Au vu des pièces justificatives produites, la créance de l’appelante s’établit de la façon suivante :
– échéances impayées : 4 648,58 euros
– capital restant dû à la date de déchéance du terme du contrat : 17 862,73 euros
– intérêts de retard arrêtés au 22 octobre 2019 : 37,82 euros
soit la somme totale de 22 579,13 euros.
Mme [S] est en conséquence condamnée au paiement de cette somme augmentée des intérêts au taux contractuel de 6,44 % l’an à compter du 22 octobre 2019 sur la somme de 22 541,31 euros.
L’appelante sollicite en outre la somme de 1 747,46 euros au titre de l’indemnité de résiliation.
Selon l’article D. 312-16 du code de la consommation, lorsque le prêteur exige le remboursement immédiat du capital restant dû en application de l’article L. 312-39, il peut demander une indemnité égale à 8 % du capital restant dû à la date de la défaillance.
Il s’infère de cette disposition que la notion de capital restant dû fait référence au capital rendu exigible par l’effet de la déchéance du terme.

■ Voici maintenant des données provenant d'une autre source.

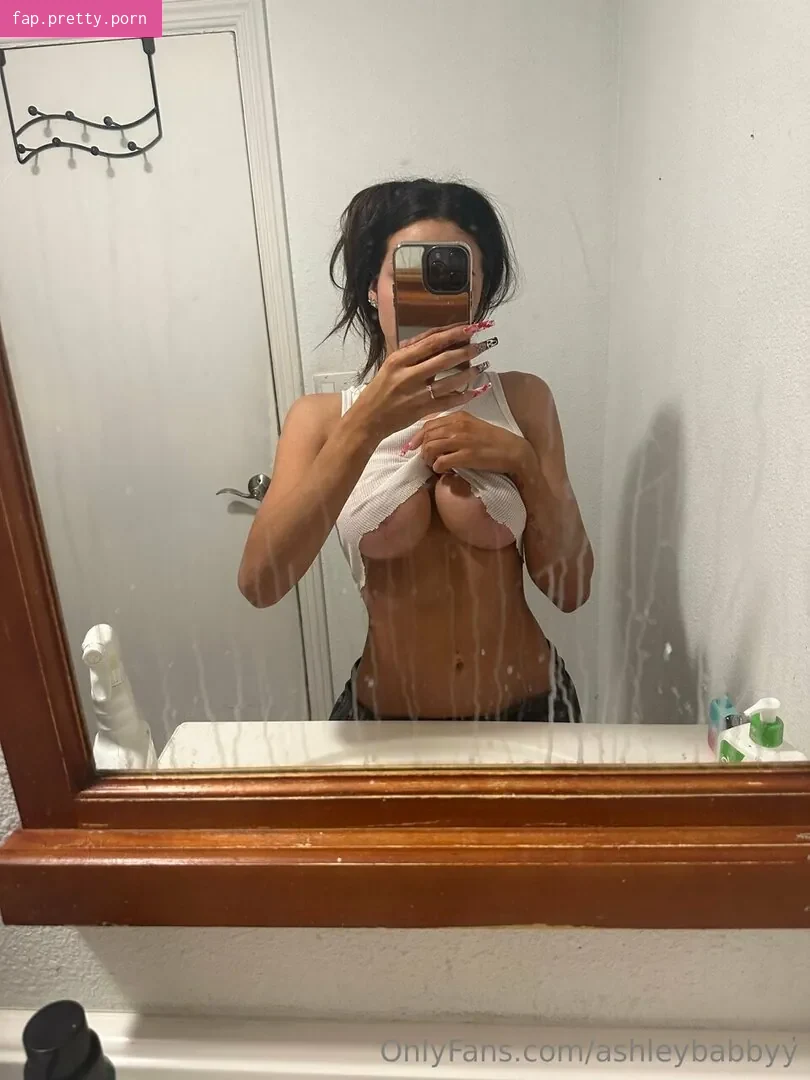ashleyzuluaga - Photo #17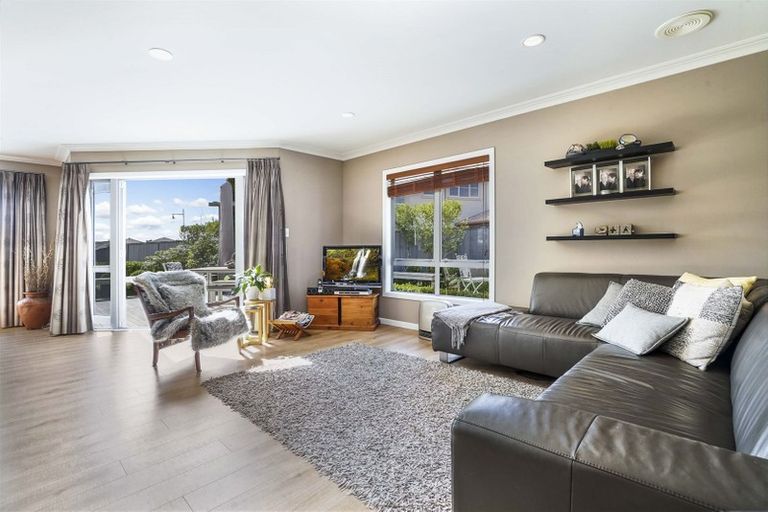 Photo of property in 2 Gibbston Close, Huntington, Hamilton, 3210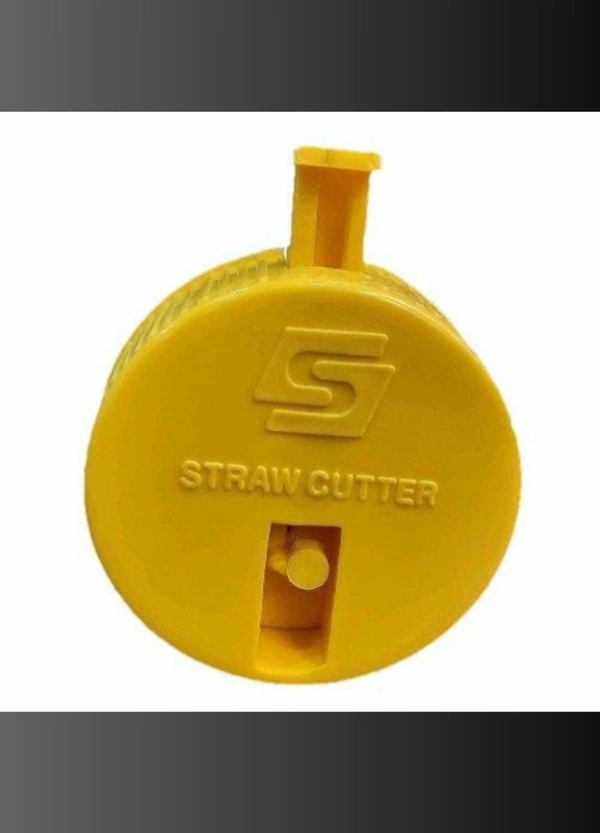 STRAW CUTTER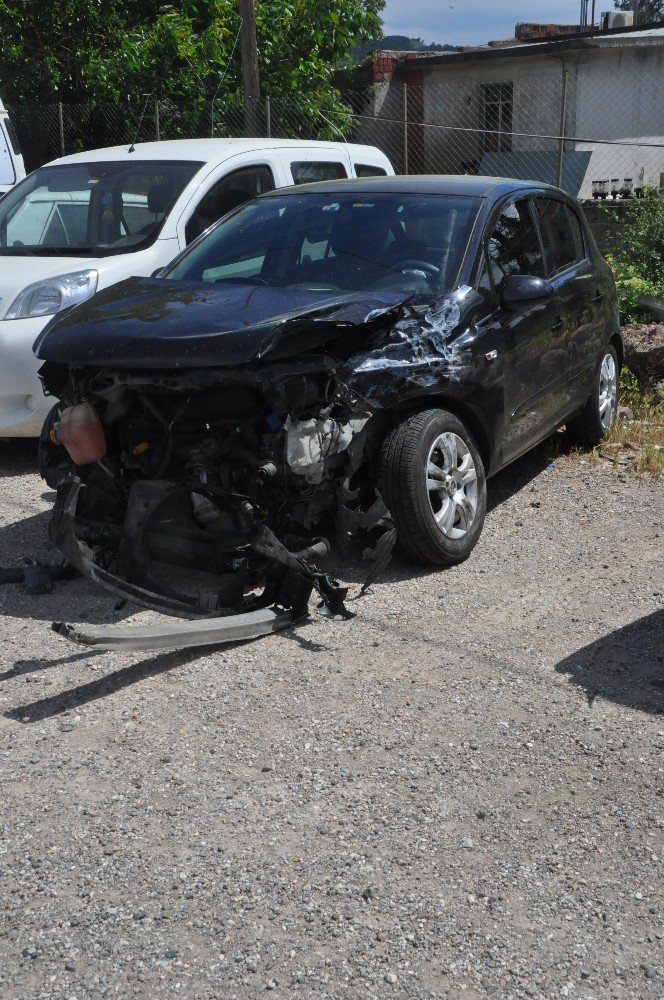 Çanakkale’de Trafik Kazası: 9 Yaralı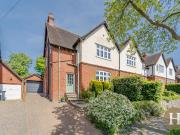 4 bedroom end of terrace house for sale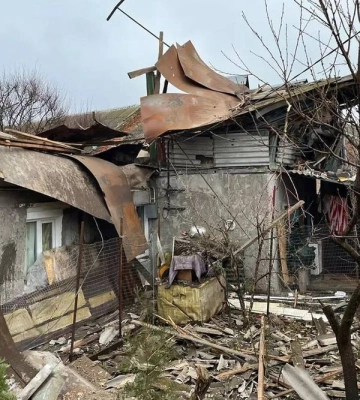 росіяни обстріляли Нікополь з артилерії: з-під завалів будинку врятували жінку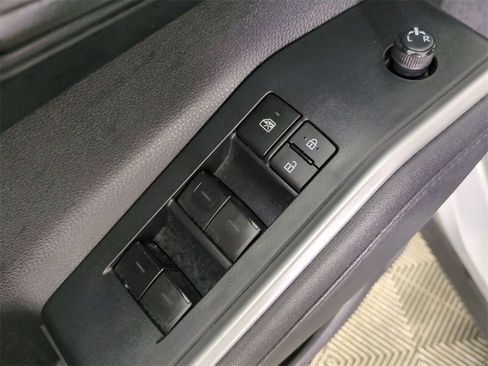 Used 2024 Toyota Highlander LE image 23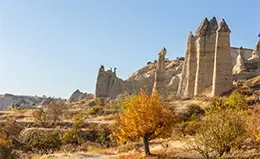 Explora los valles y castillos de Capadocia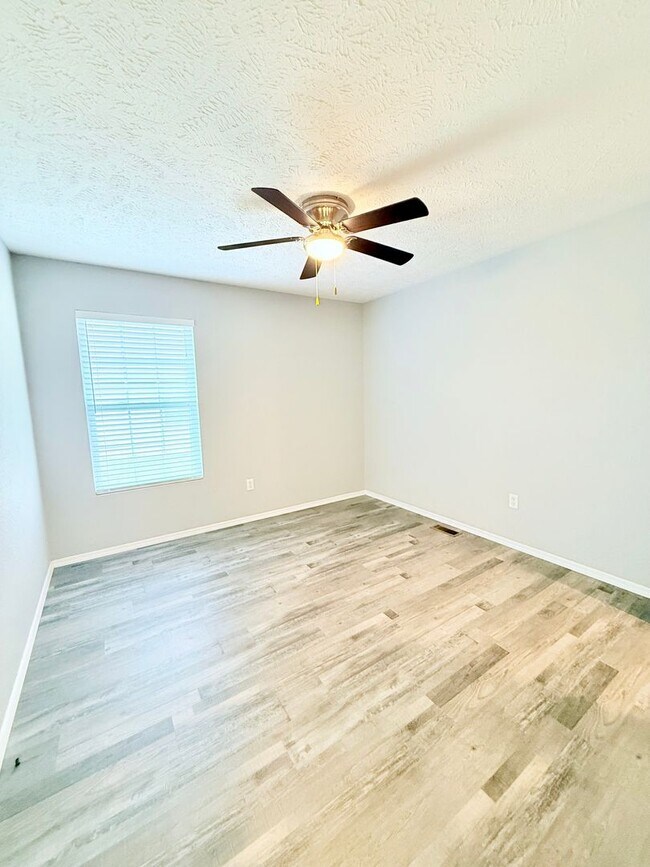 Building Photo - Bent Tree Subdivision - 4 BR - 2 Living Areas - 3 Car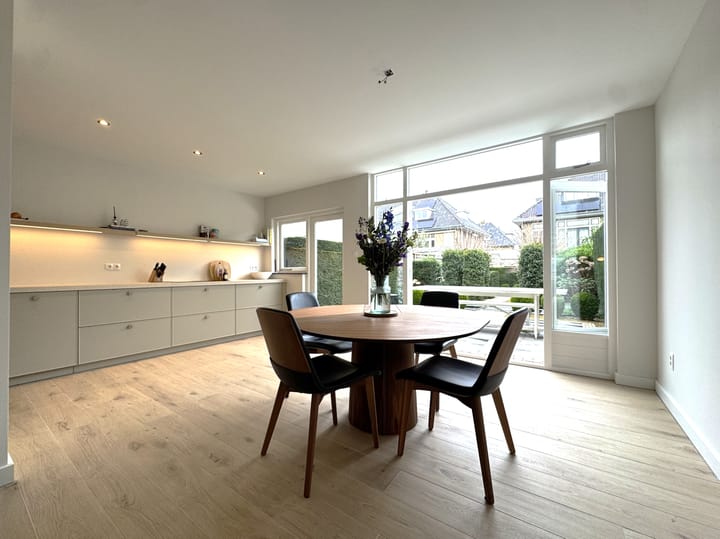 Foto 6 van de Roy van Zuidewijnlaan 11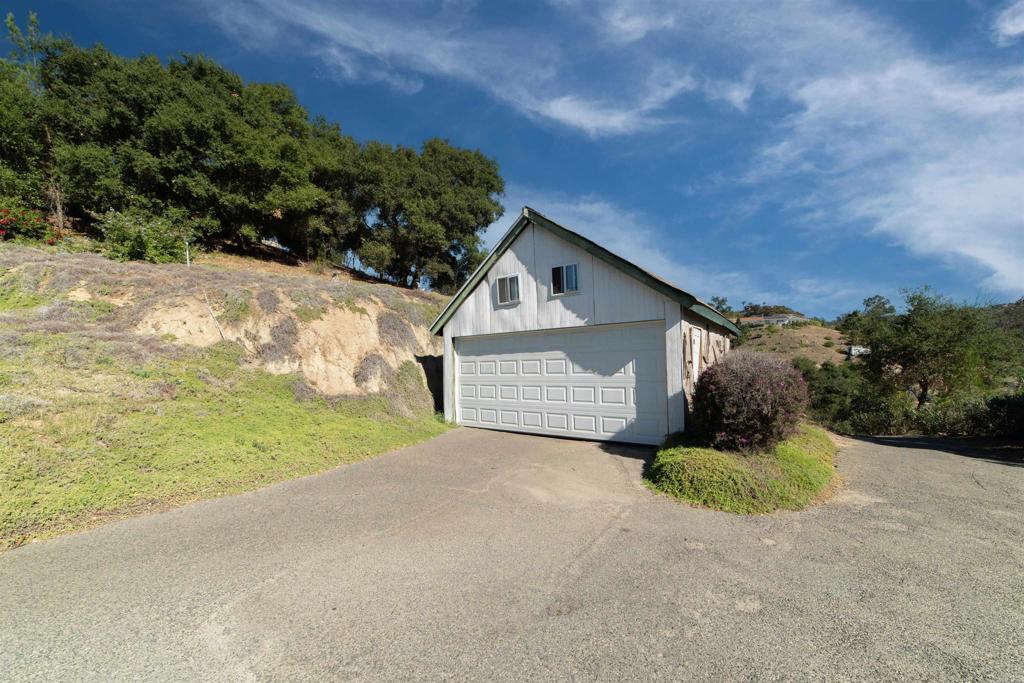 2403 Vickers Road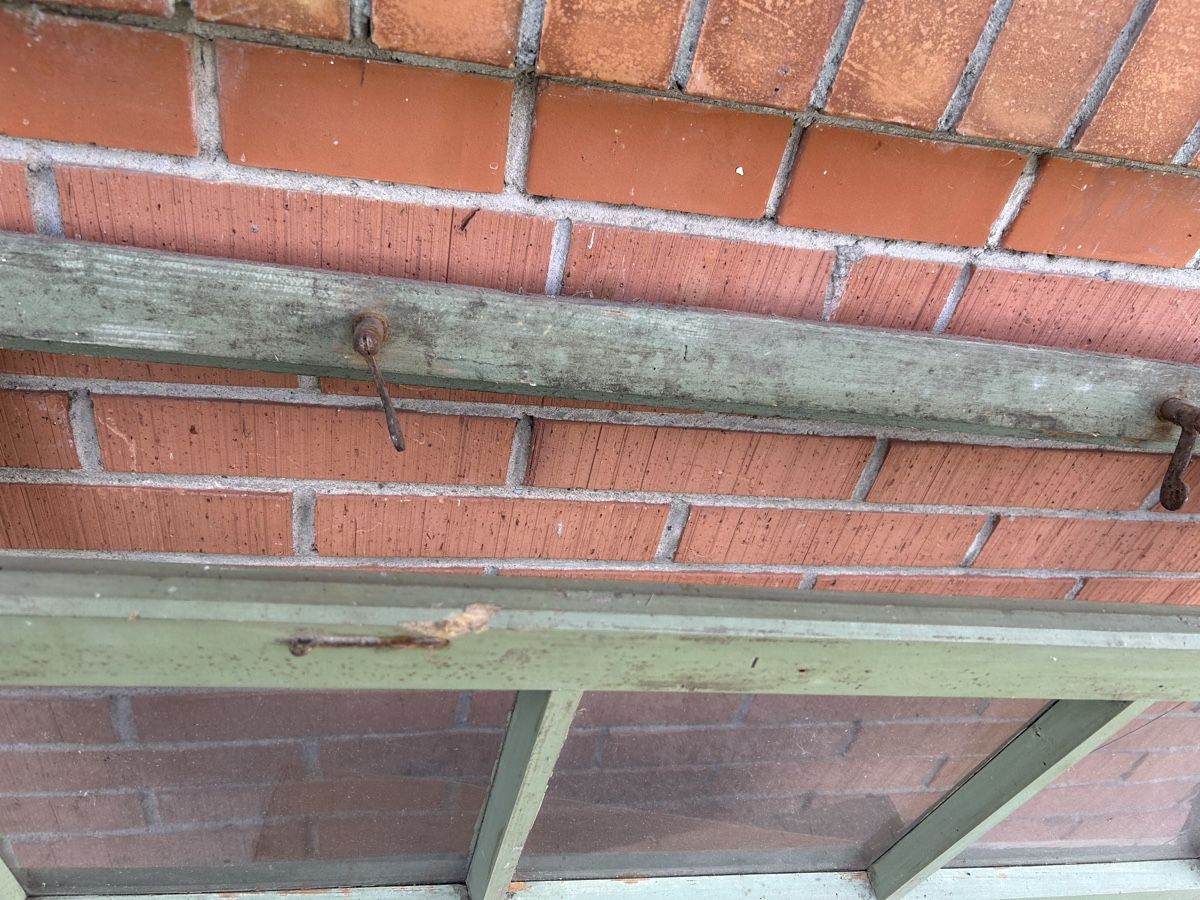 Finestre: Antikes altes Kellerfenster  – Usato da Gwatt (Thun) venduto da ate_6ng8 5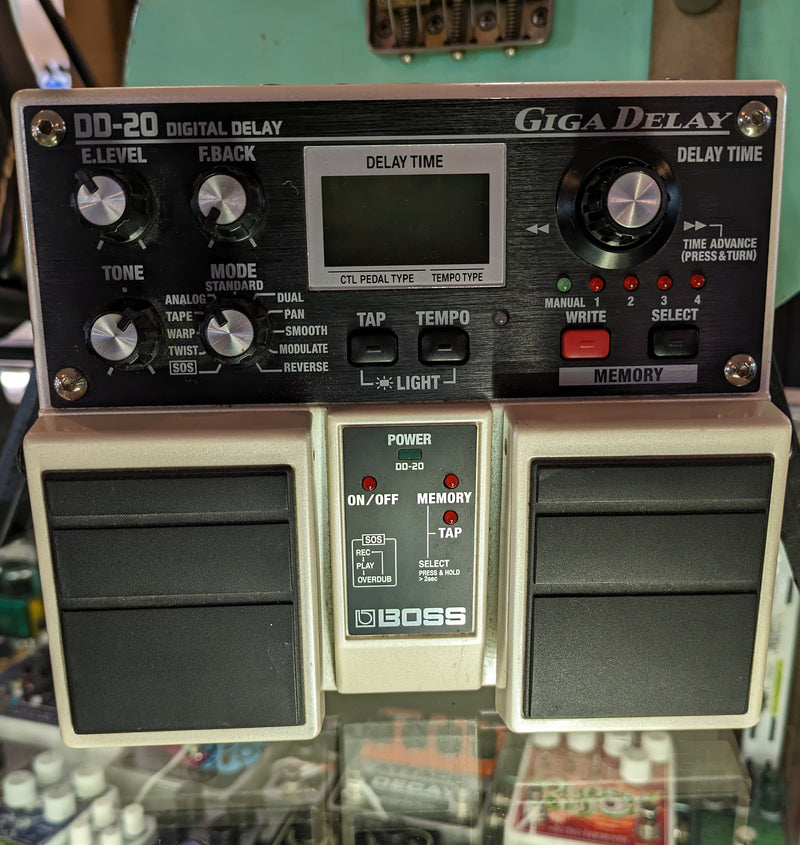 Boss DD-20 Giga Delay Pedal 2010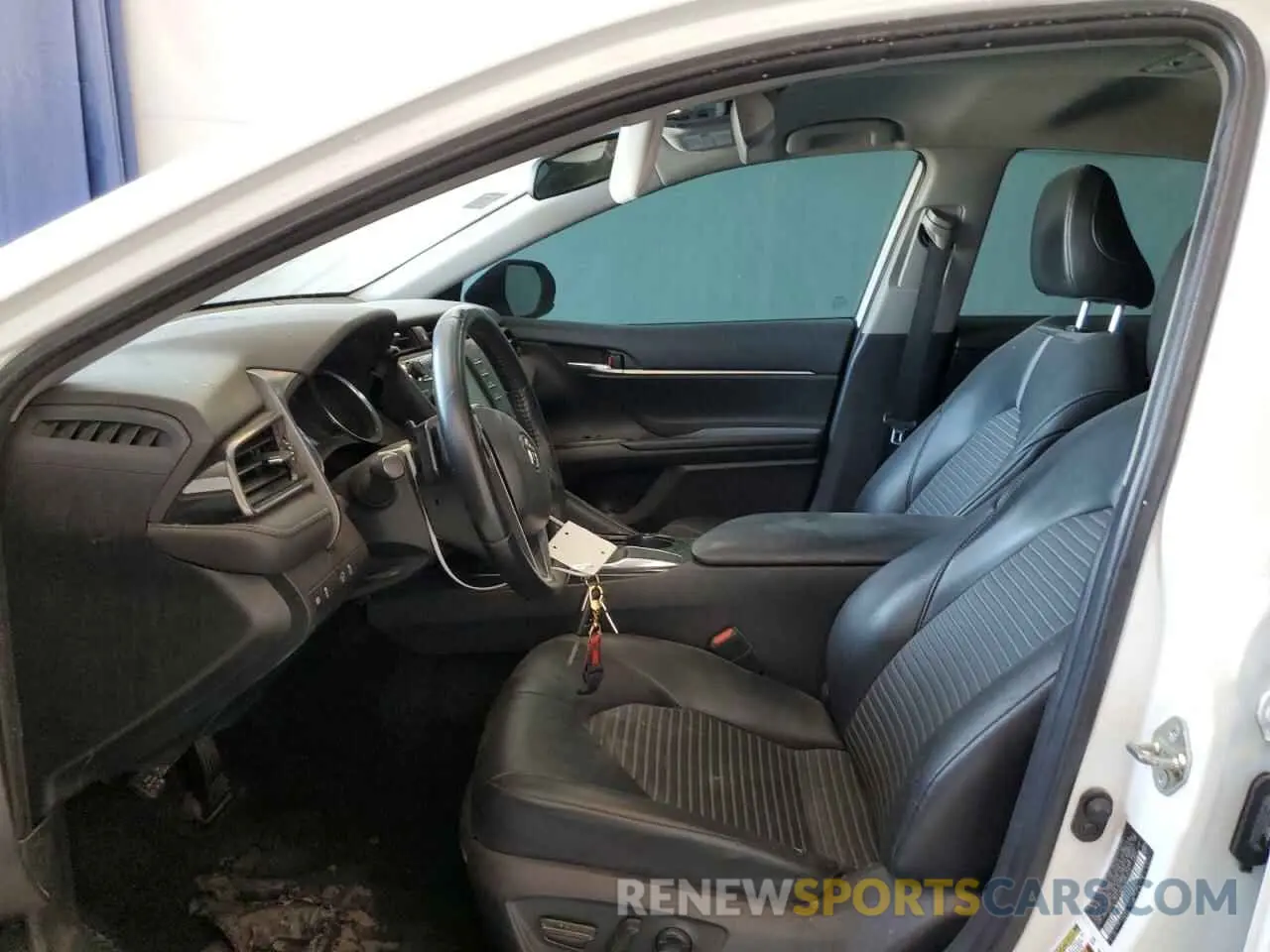 7 Photograph of a damaged car 4T1G11AK0LU891515 TOYOTA CAMRY 2020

La somme demandée excède 8 % du capital restant dû (17 862,73 euros) et vient s’ajouter aux sommes de même nature d’ores et déjà capitalisées s’agissant d’un regroupement de crédits antérieurs. Il convient donc de la réduire à la somme de 1 euro, somme à laquelle est condamnée Mme [S] augmentée des intérêts au taux légal à compter du 22 octobre 2019.
Il n’y a pas lieu de statuer sur l’application des dispositions des articles 1231-6 du code civil et L. 313-3 du code monétaire et financier puisque la sanction de déchéance du droit aux intérêts n’est pas prononcée.
Mme [S] qui succombe supportera les dépens d’appel. L’équité commande de ne pas faire application des dispositions de l’article 700 du code de procédure civile.
Le surplus des demandes est rejeté.
PAR CES MOTIFS
LA COUR,
Statuant après débats en audience publique, par arrêt rendu par défaut et par mise à disposition au greffe,
Infirme le jugement sauf en ce qu’il a reçu la société Cofidis en son action et sur les dépens ;
Statuant de nouveau et y ajoutant,
Dit n’y avoir lieu à déchéance du droit aux intérêts de la société Cofidis ;
Condamne Mme [J] [S] à payer à la société Cofidis une somme de 22 579,13 euros augmentée des intérêts au taux contractuel de 6,44 % l’an à compter du 22 octobre 2019 sur la somme de 22 541,31 euros outre la somme de 1 euro augmentée des intérêts au taux légal à compter du 22 octobre 2019 ;
Rejette le surplus des demandes ;
Dit n’y avoir lieu à application des dispositions de l’article 700 du code de procédure civile ;
Condamne Mme [J] [S] aux dépens d’appel.